<須藤は(野崎さんの)妻であったにすぎず、(会社の)発行済株式の全部を有していていた(野崎さんの)財産処分の権限を有していない>とされ、A社の株式も持っていなかったという。

 また、野崎さんの死後、全財産は田辺市に寄付するという内容の遺言書の存在も明らかになっている。告発状では、須藤容疑者は報道などで野崎さんの遺言書を知り、A社から3800万円の送金手続きをしたのではないか。また送金された3800万円は、A社の会計書類には記載もない。こうした手法での3800万円の引き出しは詐欺にあたるというのだ。

 野崎さん死後、東京に戻り、ほとんど和歌山県には来なかった須藤容疑者。

「最後に姿を見たのは、2018年冬くらいかな?『こんな田舎にはもう嫌』と好き放題、言っていた。結婚なんて形だけで、最初から社長のカネ目当てだったんでしょう」(野崎さんの会社の元従業員)

 須藤容疑者はA社の法人登記簿に北海道札幌市の住所を登記していた。しかし、実際には須藤容疑者は東京のタワーマンションを転々とし、新宿や六本木のホストクラブで遊んでいたという。須藤容疑者を知るあるホストクラブの関係者がこう振り返る。

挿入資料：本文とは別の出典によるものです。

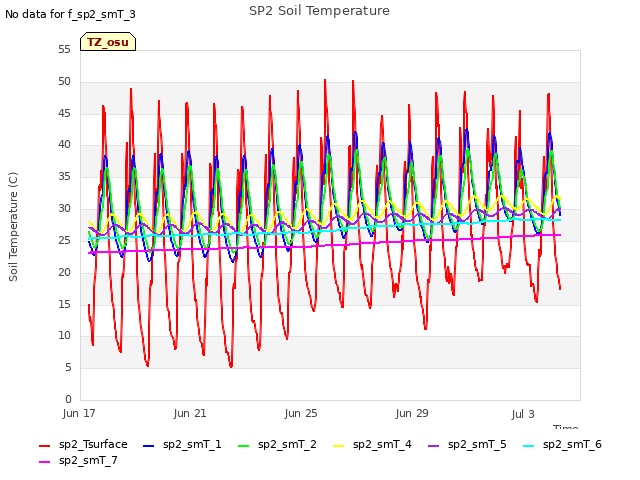 Explore the graph:SP2 Soil Temperature in a new window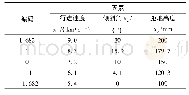 表2 试验因素编码：基于鲟鱼头部曲线的植保分禾吊杆组合装置设计与试验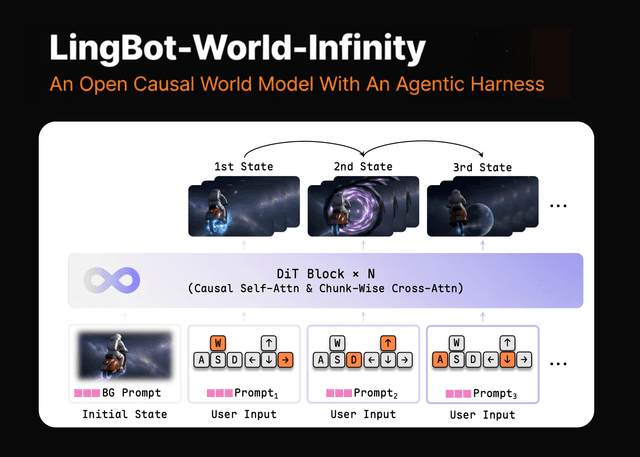 Ant Group เปิดตัว LingBot-World-Infinity: โมเดลโลกแบบ Causal 14B จำลองวิดีโอ 60 นาทีแบบเรียลไทม์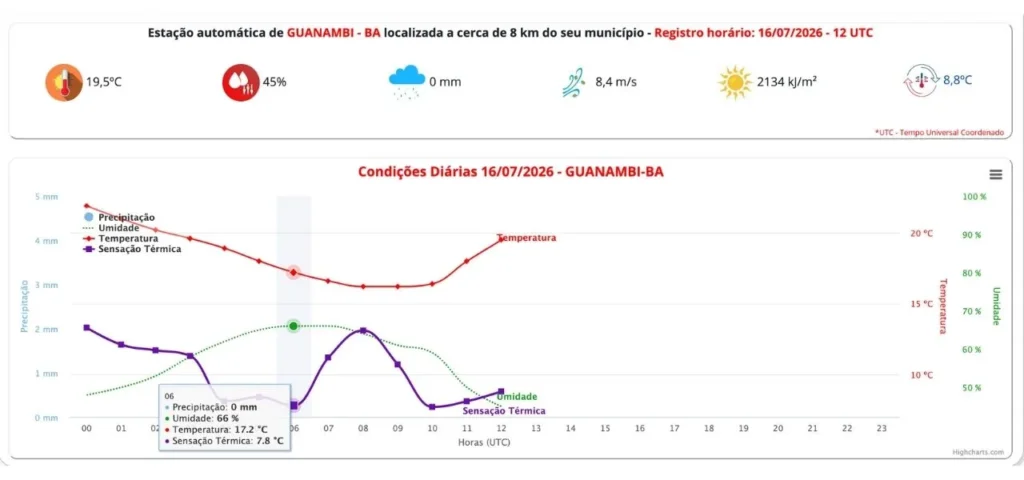 Sensação térmica em Guanambi atinge 7,8ºC nesta quinta-feira, 16 de julho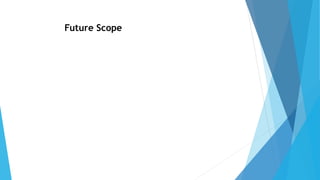 Future Scope
 
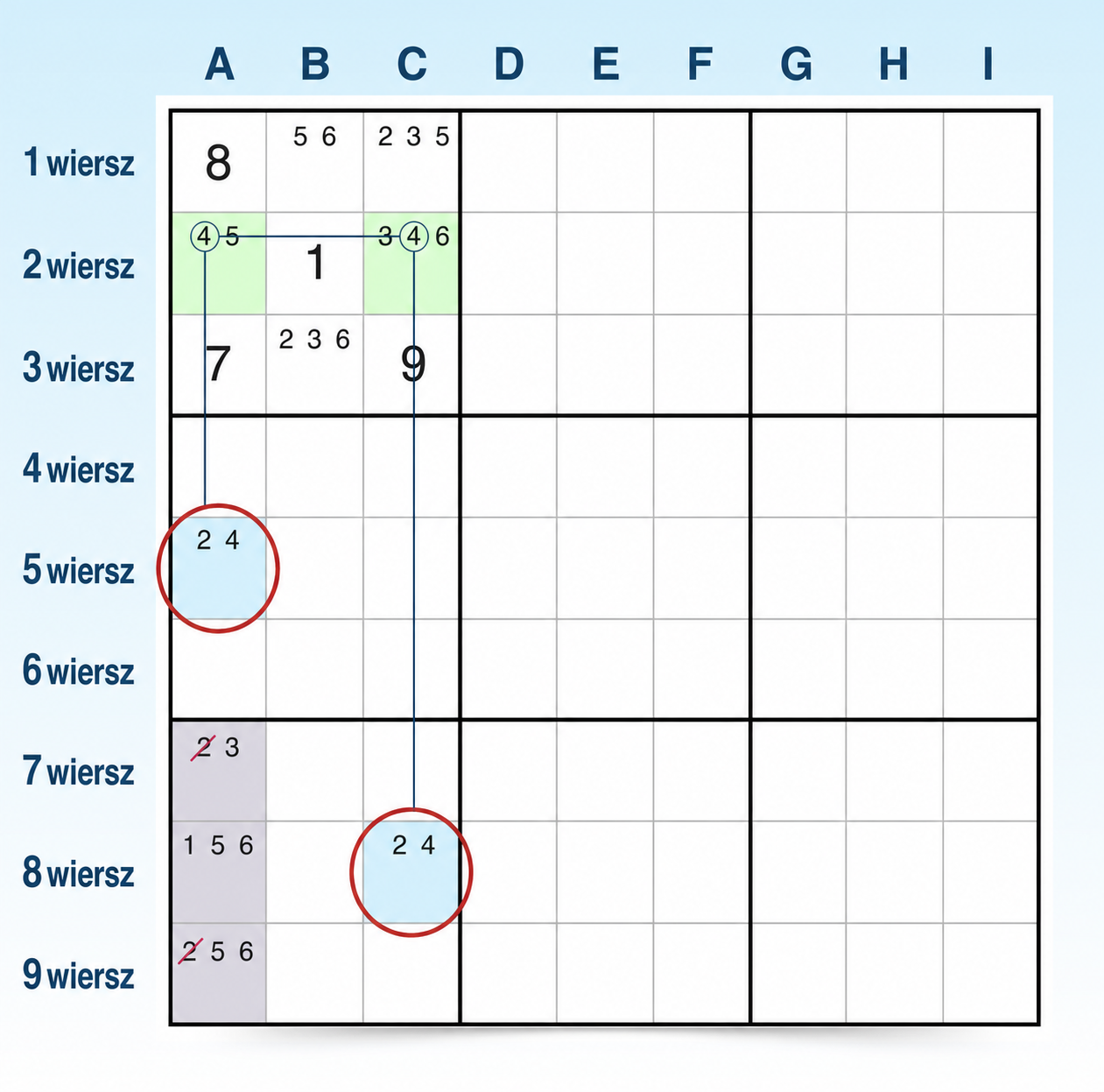 Przykład W-Wing w Sudoku 3 krok 2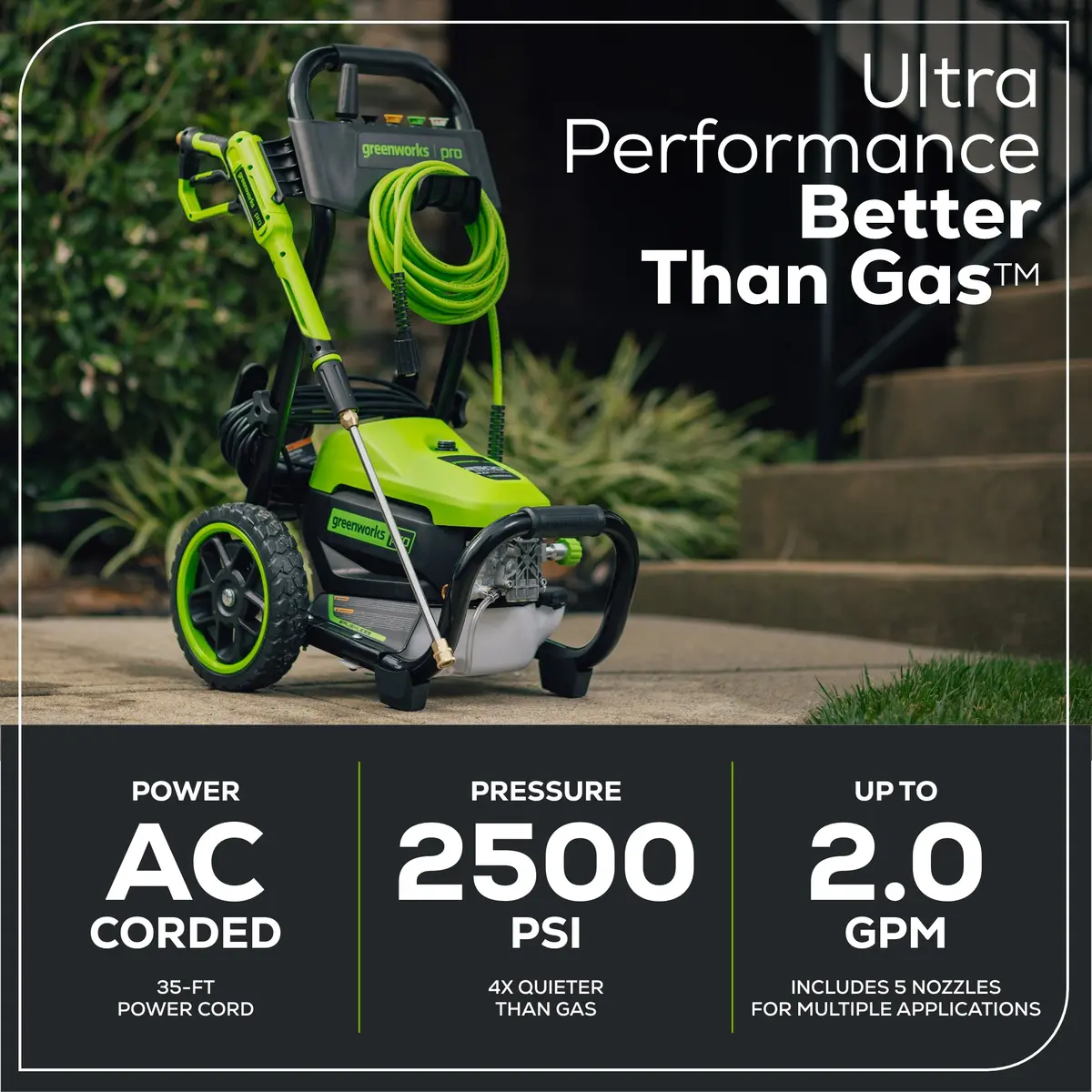 2500 Psi 2.0 Gpm Brushless Electric Pressure Washer 2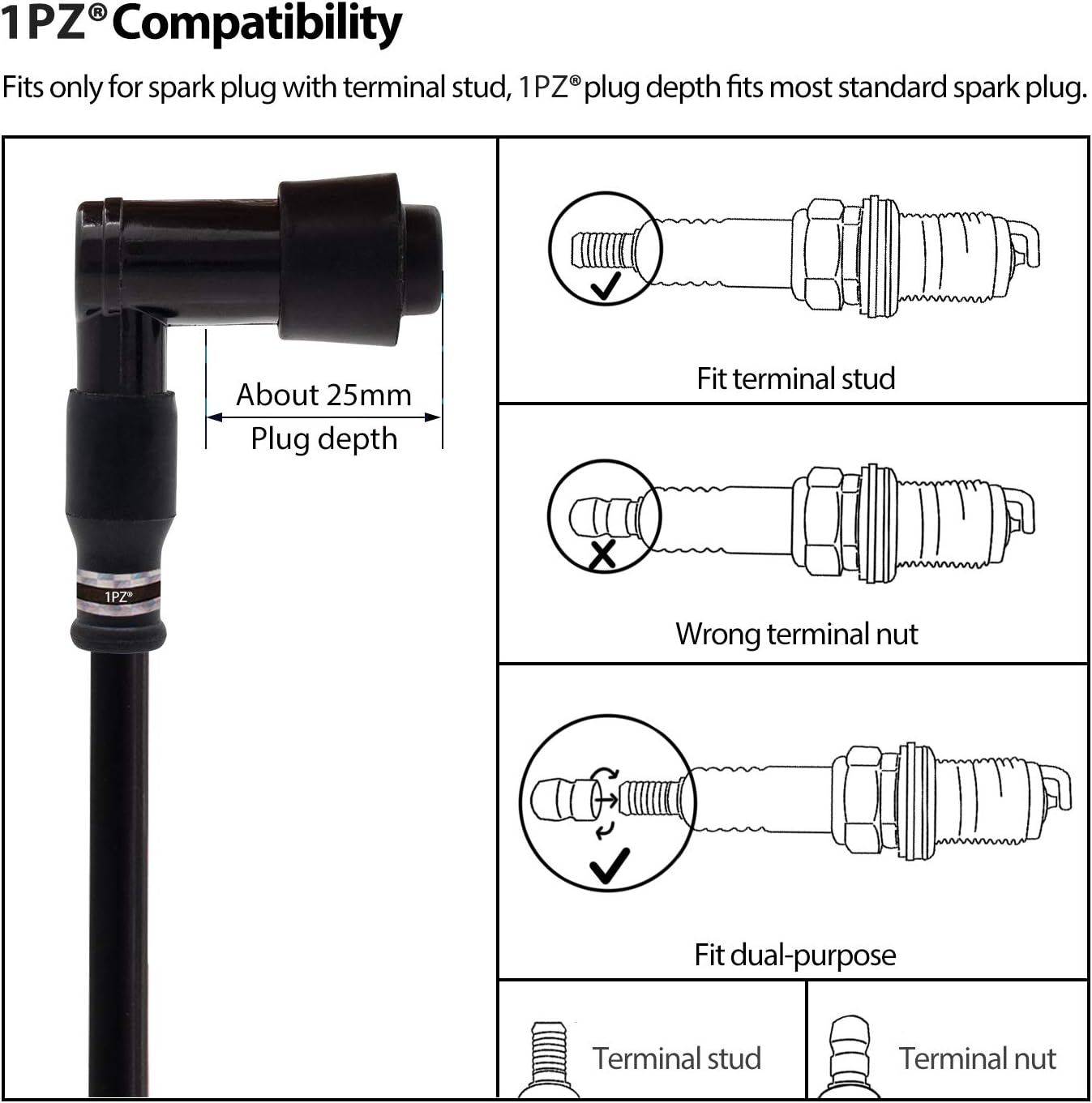 1PZ YG1-CW1 Ignition Coil Wire Plug Boot Replacement for Polaris Scrambler Predator 50 90 Sportsman 90 0450753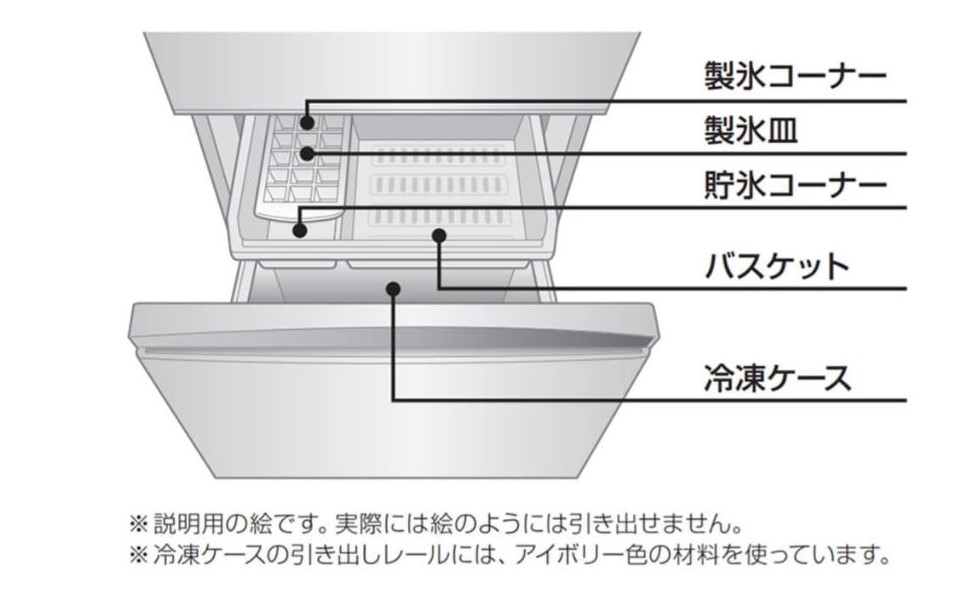 Amazon.co.jp: 無印良品 冷蔵庫 126L 白 幅47.6×奥行55.7×高さ116.0cm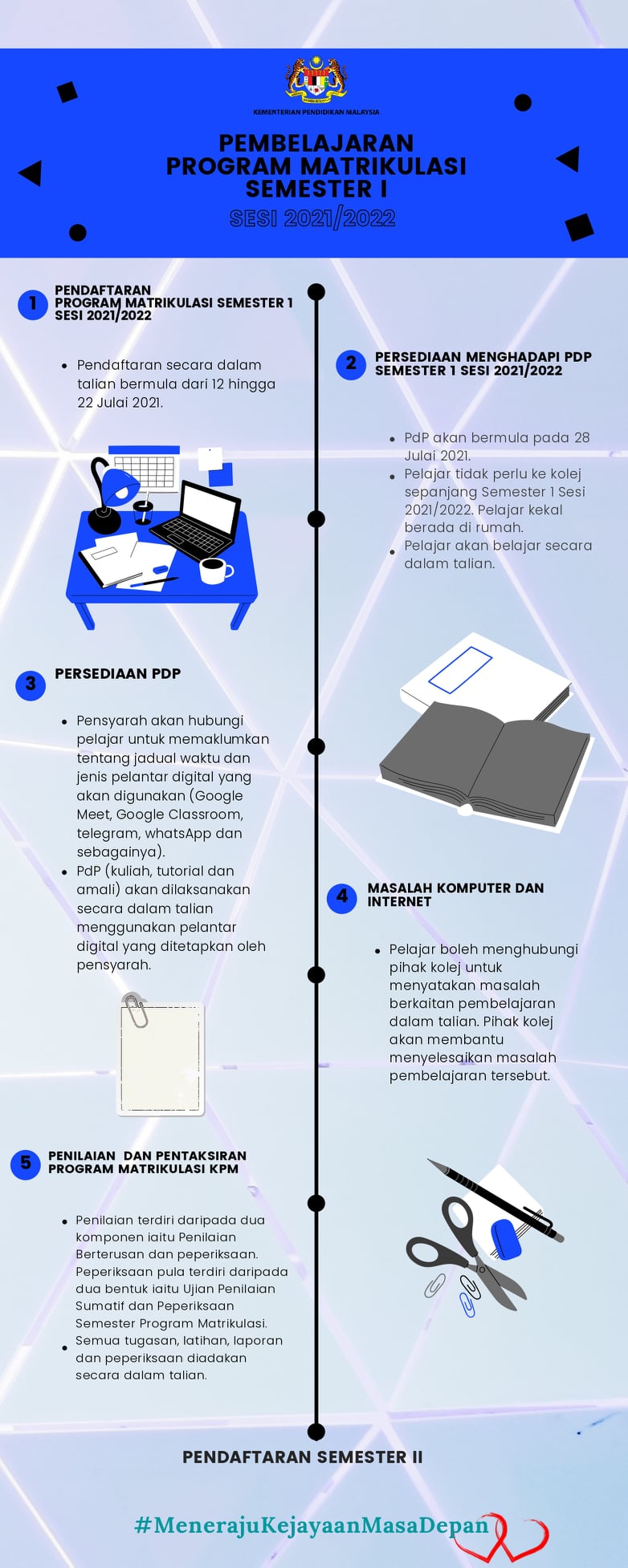 Kaedah Pelaksanaan PdPR Program Matrikulasi KPM Semester 1 2021/2022 ...
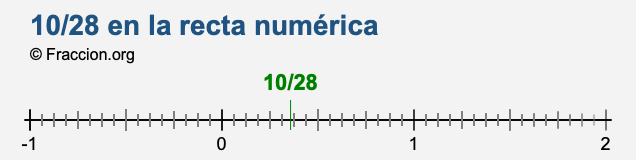 10/28 en la recta numérica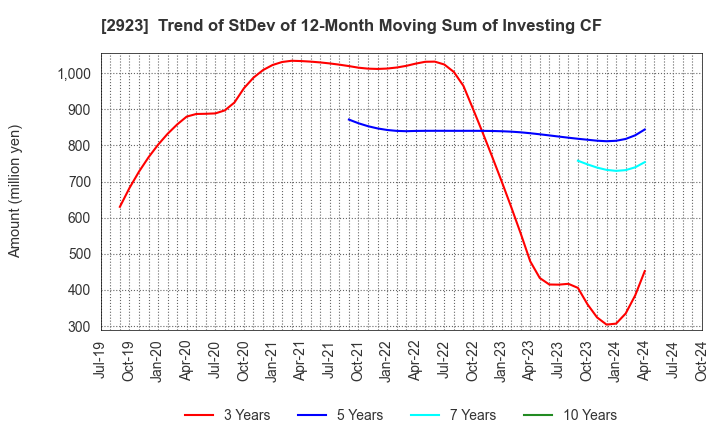 2923 SATO FOODS CO.,LTD.: Trend of StDev of 12-Month Moving Sum of Investing CF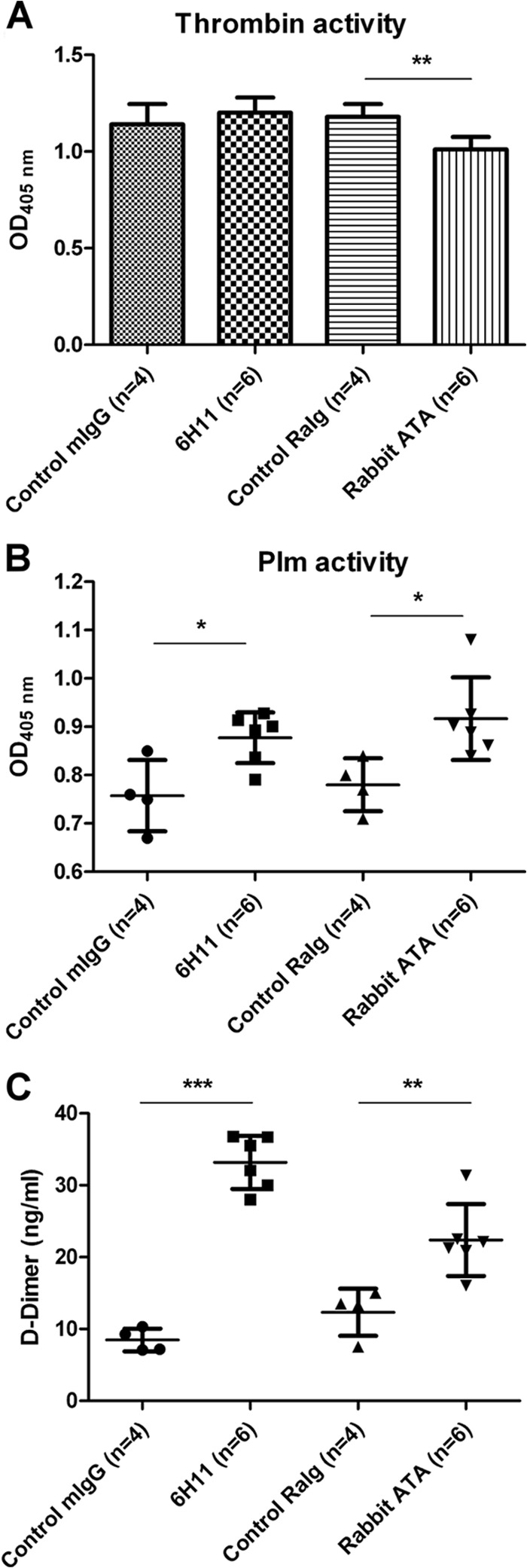 FIG 6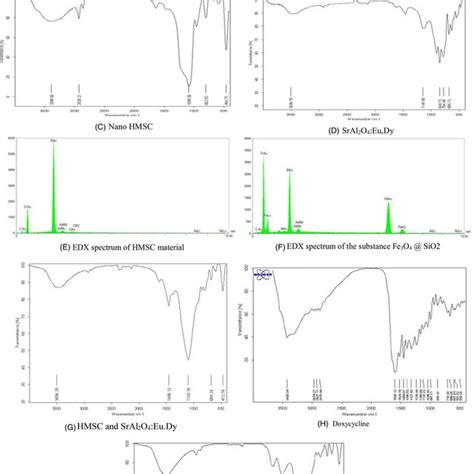 XRD Of Samples A XRD Spectrum Of HMSC And SrAl2O4 Eu Dy Composites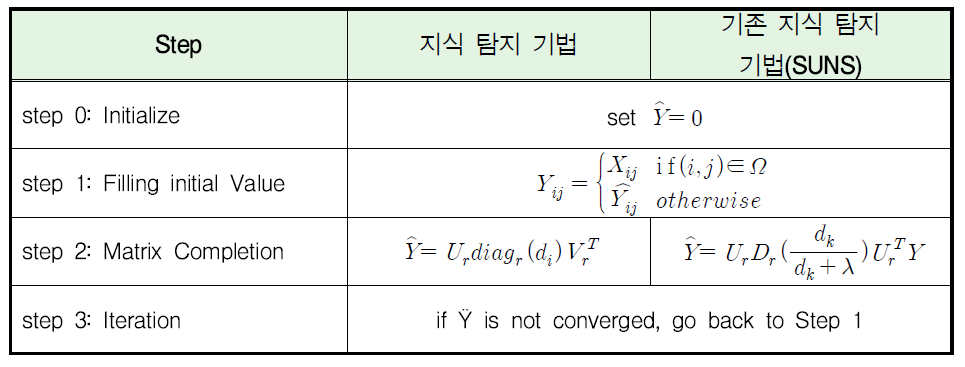 Matrix completion algorithm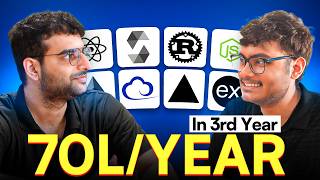  20 Year old got 70 lacs/year offer in his 3rd Year: Shubham’s Remote offer from a Solana Company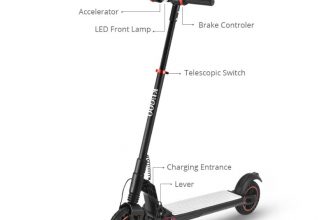 kugoo s1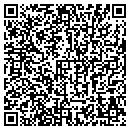 QR code with Squaw Peak Reporters contacts
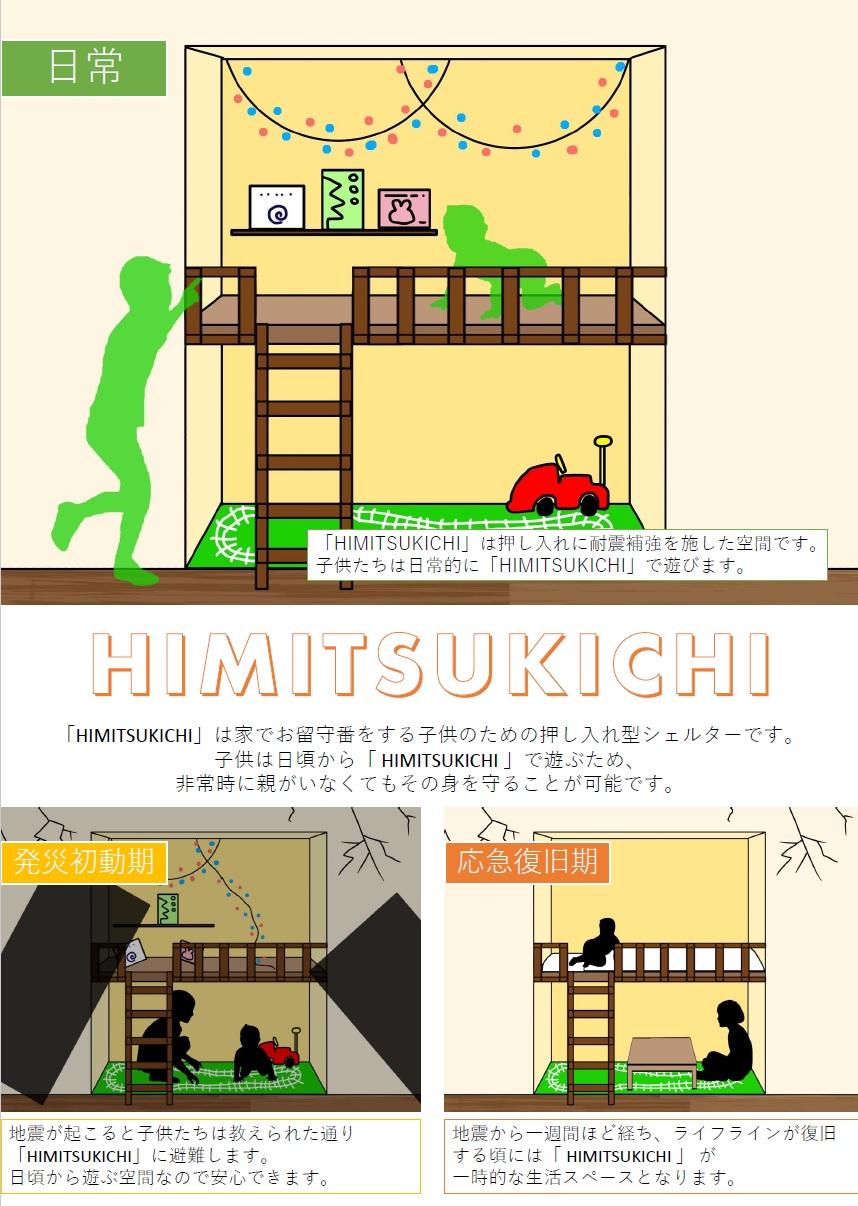 ページタイトル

「ブランドの服、カバンなどで身を包み、ホスト遊びは手慣れているという感じでしたね。お気に入りのホストにはけっこうカネを使っていた。何度か来店して『和歌山のドン・ファンの奥さんだった人よ』と聞かされ、やっぱりカネがあるんだと思った。本人もそれを隠す様子はなく、『東京がいい、楽しい、夜は最高』なんてはしゃいていた。普通、ご主人を亡くして1年もたたないのに、そんなはしゃいだりはしませんよね」

 野崎さんの親族はこう訴える。

「須藤容疑者のような女と結婚したのは、幸助が人を見る目がなかったんやろう。けど、いくらカネが欲しいといっても、殺すことはないわな。須藤容疑者には、早く真実を語ってほしい」

 和歌山県警は19日までに須藤容疑者から供述を得ることができるのだろうか?(今西憲之)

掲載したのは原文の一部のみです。